• TASK PROMPT
An exact transcript is required of the lines below, from the one containing "Now that we've" through the very last; leave every picture out of it.

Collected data
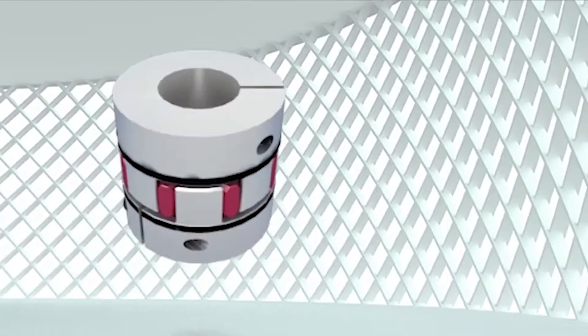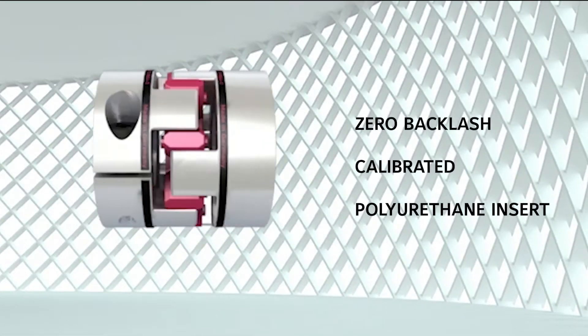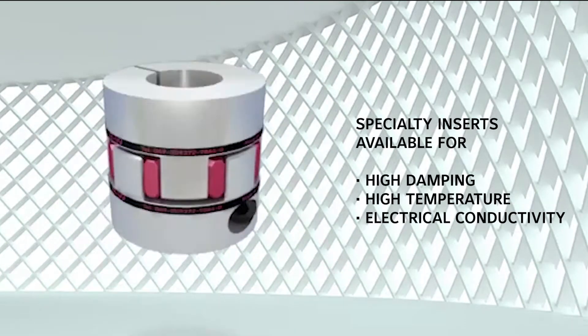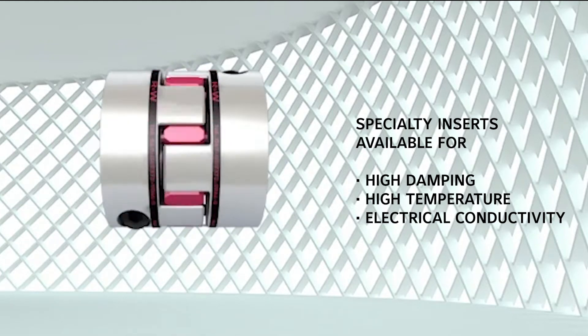R&W's model EKL is a zero backlash precision elastomer coupling with a calibrated polyurethane insert with a variety of characteristics available for high damping, high temperature resistance, and electrical conductivity.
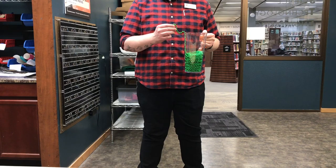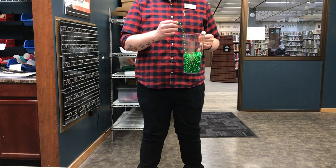So with a little help from librarian Sean, we're gonna do this experiment. But first, a couple of things.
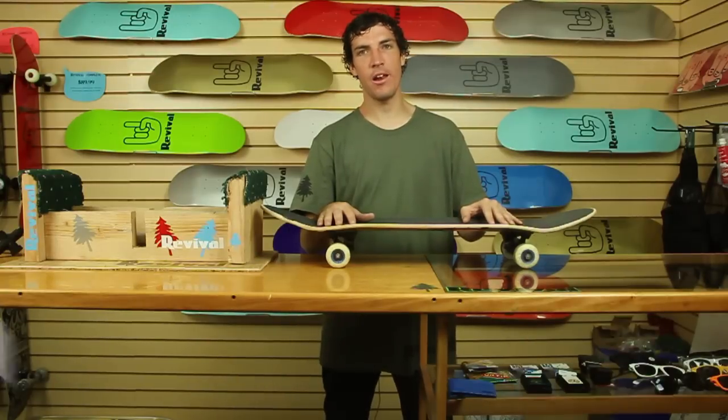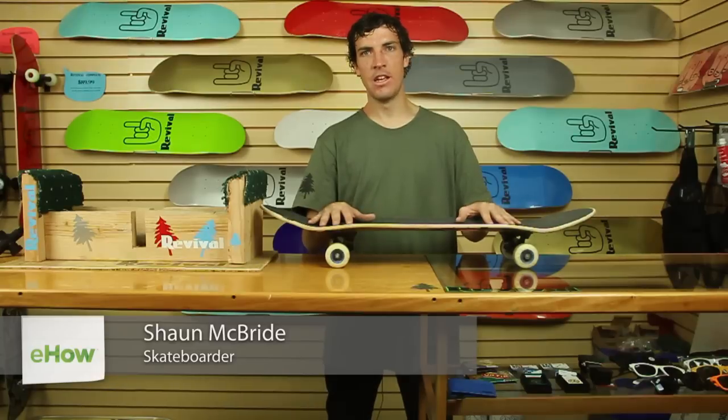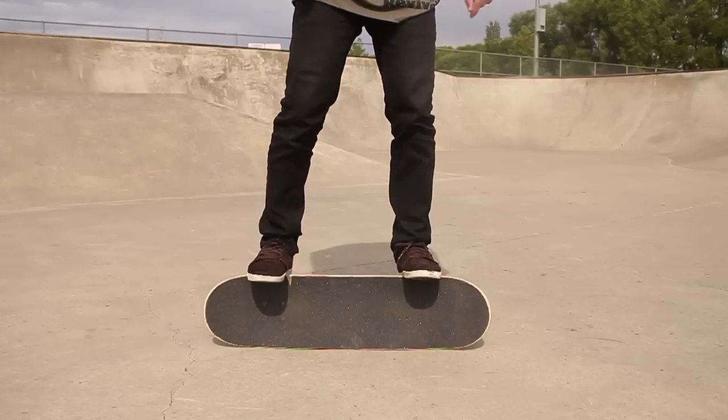Hi, this is Sean McBride and we're at Revival Skate Shop in Ogden, Utah. Today we're going to talk about flatland skateboard tricks — done on flat ground and often times called old school skate tricks.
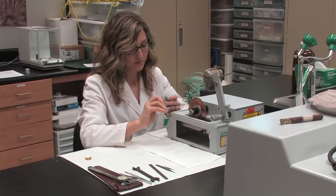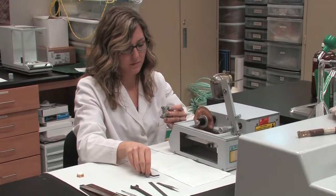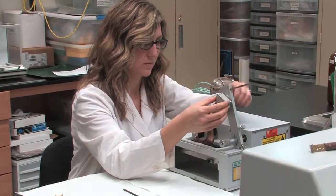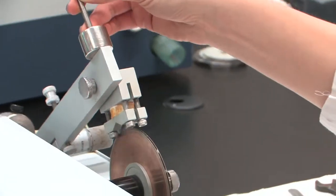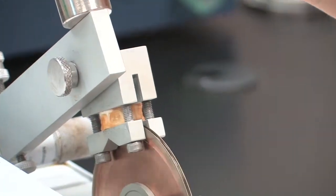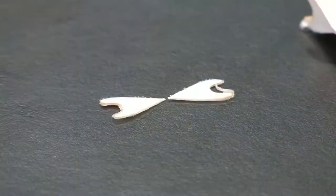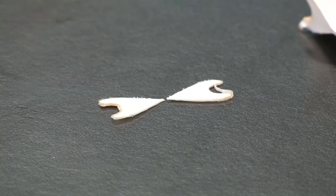When sectioning normal shark vertebrae, a small isomet saw is typically used. The vertebrae is retained in a chuck and cut along the vertical plane using two blades. The cut is made perpendicular to the haemal arch. This cut produces a bowtie shaped section which is then used to view the annuli.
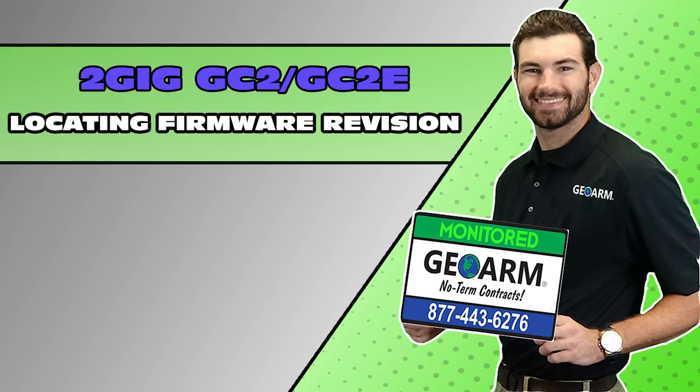Make sure to subscribe to our YouTube page and click the Show More tab underneath the video, where you can view valuable links pertaining to this product, similar how-to videos, and our low-cost, no-contract alarm monitoring services.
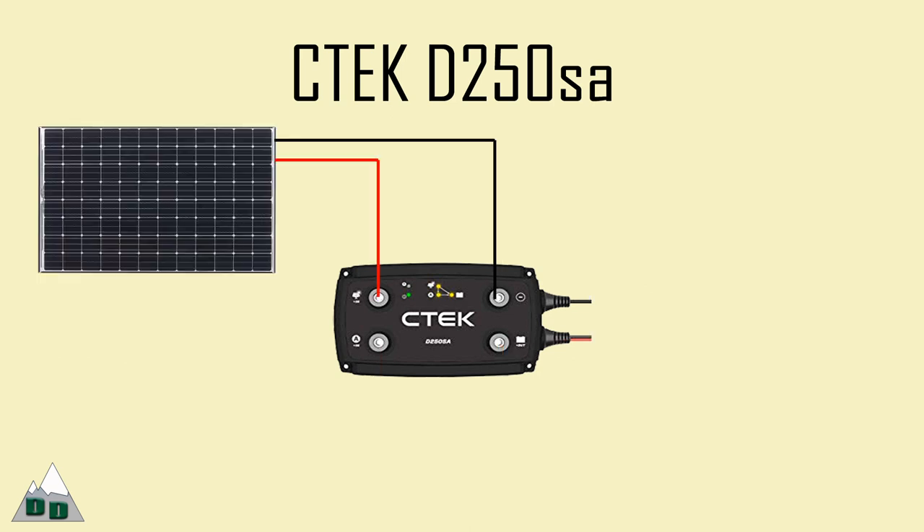For adding a solar panel — I don't have one but this would be helpful — according to the manual you can just hardwire the positive and negative wires directly to the CTEK charger. Now let's talk about some alternative DC-DC charger options, going from cheaper to more expensive.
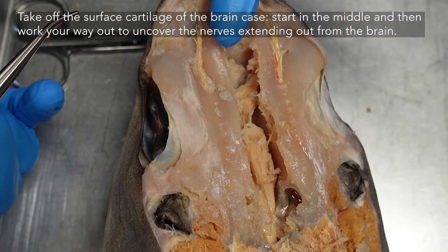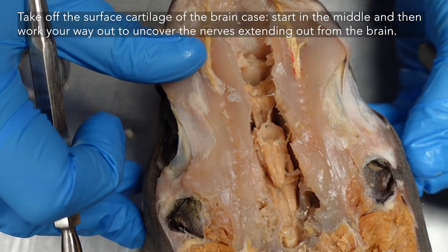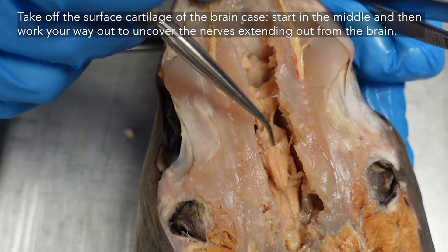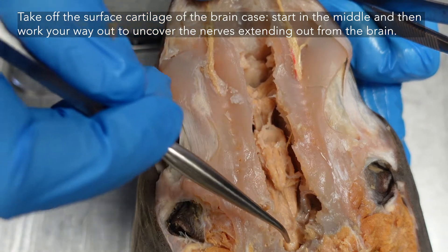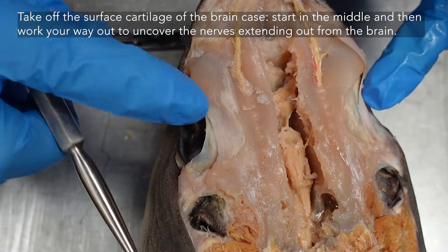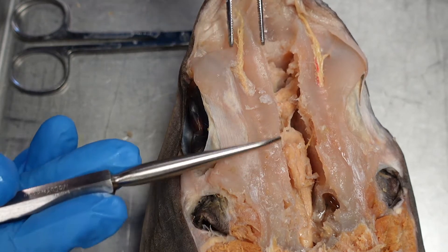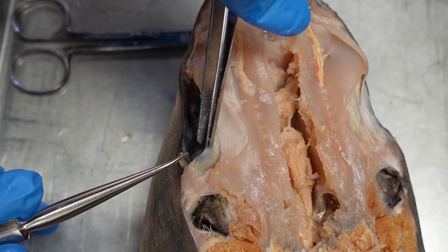Now that we've cut the main channel into the shark skull, we can see the main parts of the brain. Looking down here we can see the cerebrum, the cerebellum, the spiracles of the cerebellum on either side, and the medulla oblongata. From here we'll work our way outwards. You only have to do one side of your shark, and when dissecting you're essentially removing all of the covering cartilage.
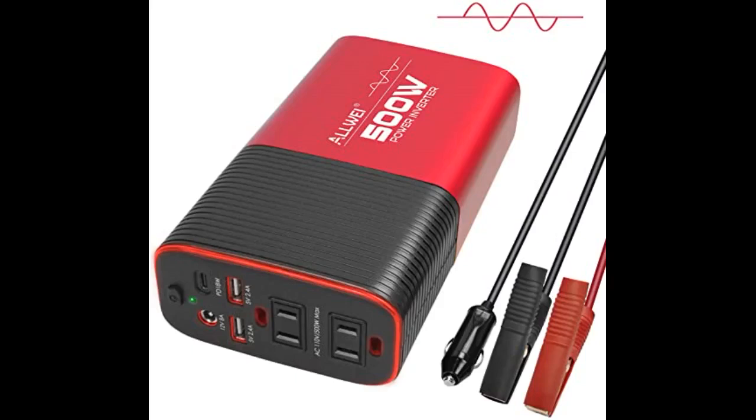Mounted my inverter on the driver's side kick panel. This allowed me to run a pair of number 4 welding wire straight to my battery. The inverter delivers plenty of current to run both laptops and a DVD player. Does exactly what I wanted it for. Easy enough to install.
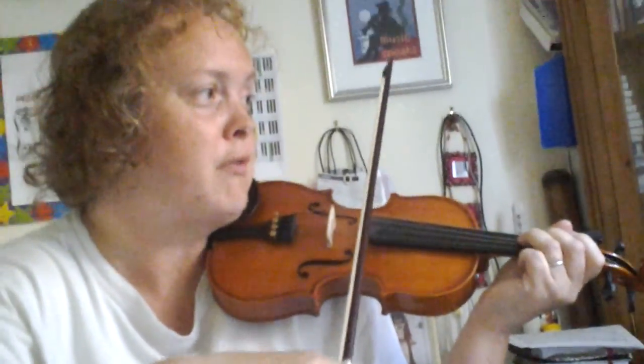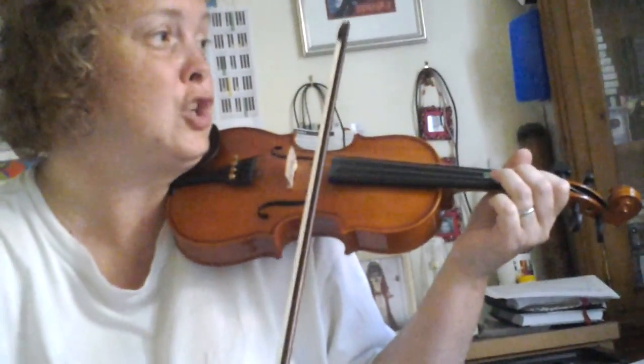So D3, 2, 3, open A, 1, 2, back, 3, E1 back, E, A3, 2, back, 3.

• RESPONSE BELOW
Now that we've cut the main channel into the shark skull, we can see the main parts of the brain. Looking down here we can see the cerebrum, the cerebellum, the spiracles of the cerebellum on either side, and the medulla oblongata. From here we'll work our way outwards. You only have to do one side of your shark, and when dissecting you're essentially removing all of the covering cartilage.
Mounted my inverter on the driver's side kick panel. This allowed me to run a pair of number 4 welding wire straight to my battery. The inverter delivers plenty of current to run both laptops and a DVD player. Does exactly what I wanted it for. Easy enough to install.
So D3, 2, 3, open A, 1, 2, back, 3, E1 back, E, A3, 2, back, 3.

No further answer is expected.